According to the presented analysis of the various technical publications, the main conclusions and recommendations on the subject of protection mitigation strategies can be stated as follows:
(a)
Existing standard and utility codes on distribution protection are the stepping stone towards enjoying the benefits of DG. Enhancement through research will expedite the penetration of DG. Both should enrich the critical requirements by specifying uniform criteria and requirements relevant to the performance, operation, and safety.
(b)
Upgrading the protection devices is inevitable in future DNs in order to mitigate the impact of DG while maximizing its benefits.
(c)
Irrespective of the protection strategy, adaptive protection via high-speed communication-based solutions will support better operation and protection coordination.

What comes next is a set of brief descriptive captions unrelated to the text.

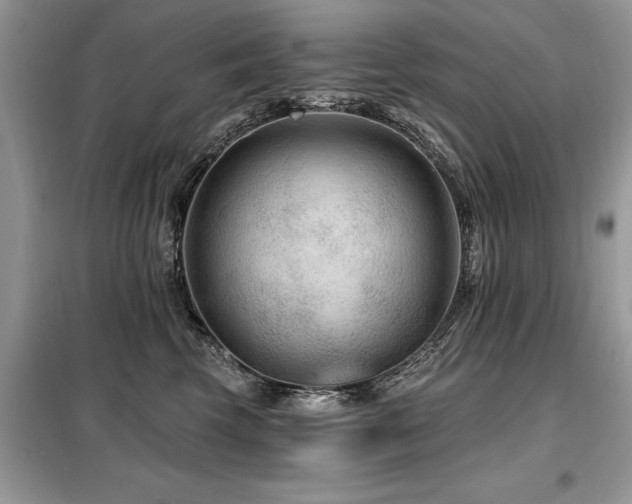 X0000099420569200805091245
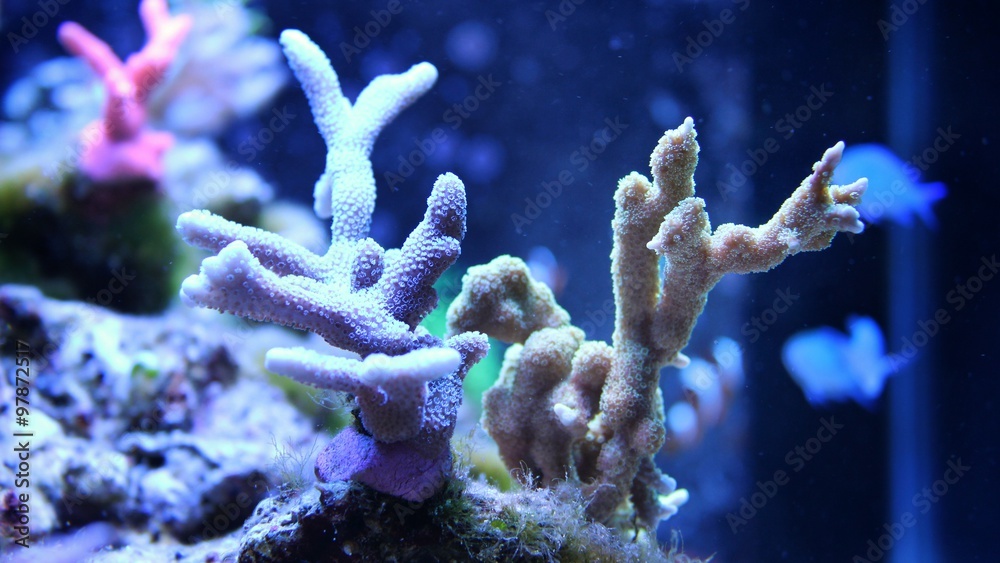 Fototapeta premium Branched Montipora Coral (Montipora digitata)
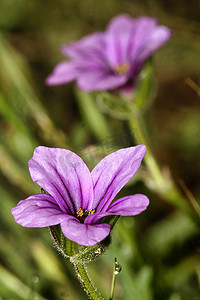 x展架易拉宝摄影照片_西班牙瓜达拉马山脉国家公园的野花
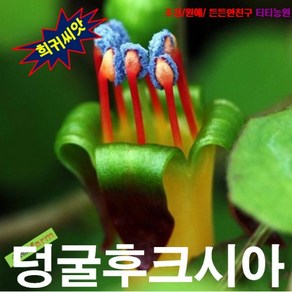 생일케이크꽃 덩굴후크시아 5립, 1개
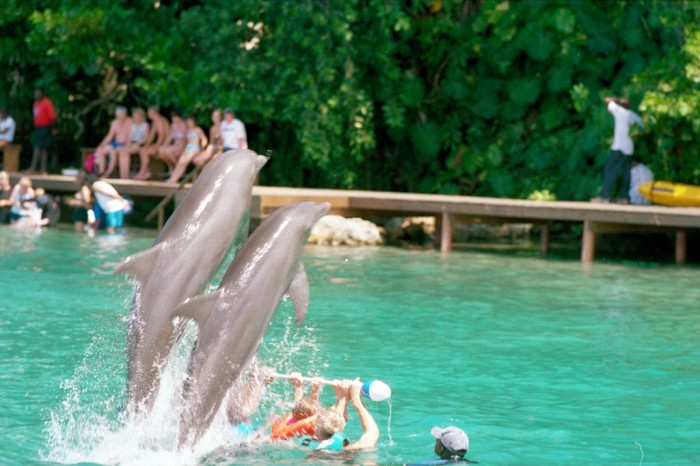 Top 10 Romantic Vacation Spots for Couples to Enjoy Unforgettable Time 52 dolphin cove1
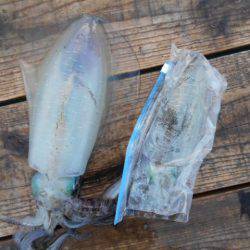 こかわ渡船　雅丸 釣果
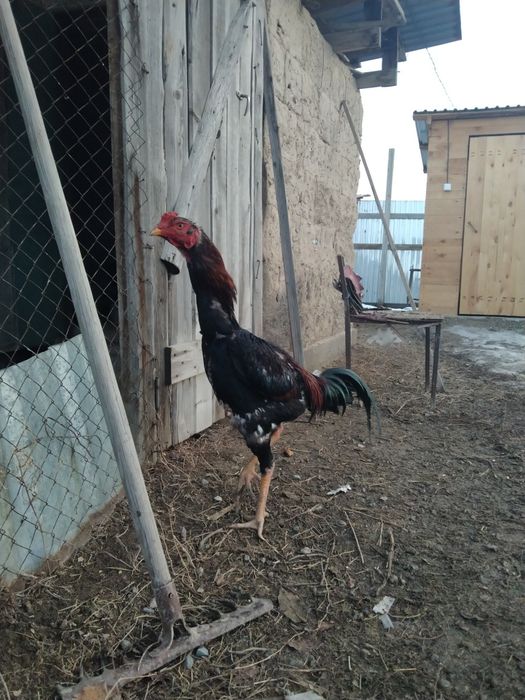 Дакан қораз сатам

This is in line towards the application of self-healing smart grid architectures and IEC61850 in DNs. However, the risk of failure in a communication system has to be mitigated.
(d)
Due to the impact of bidirectional power flow on DNs, the need of directional over current relays (DOCRs) is vital.
(e)
Publications on optimization of protection relay settings in DG environments are still less numerous compared to other areas in power system protection.
(f)
In order to get an optimal protection system and optimal DG benefits, a combined action of different protection strategies will result in better protection and reliability.
(g)
For a particular mitigation strategy to be effective, its basic working principles must be comprehensively understood. This will help DNOs select a strategy that best suits their needs and infrastructure.
(h)
Looking forward, various available publications have demonstrated different protection strategies to mitigate the impact of DG on DNs, but the solutions are limited. Essentially in perspective of network reconfiguration (NR), further research on NR would be beneficial for researchers, DNOs and industry players.

Acknowledgments

The authors would like to thank the University of Malaya for providing financial support for this study under RU grant (Grant no: ST020-2017).

Author Contributions

Mohamad Norshahrani, Hazlie Mokhlis, Jasrul Jamani Jamian and Shivashankar Sukumar collected information; Mohamad Norshahrani, Jasrul Jamani Jamian and Shivashankar Sukumar analyzed the data and wrote the paper; Hazlie Mokhlis and Ab. Halim Abu Bakar edited the paper.

Conflicts of Interest

The authors declare no conflict of interest.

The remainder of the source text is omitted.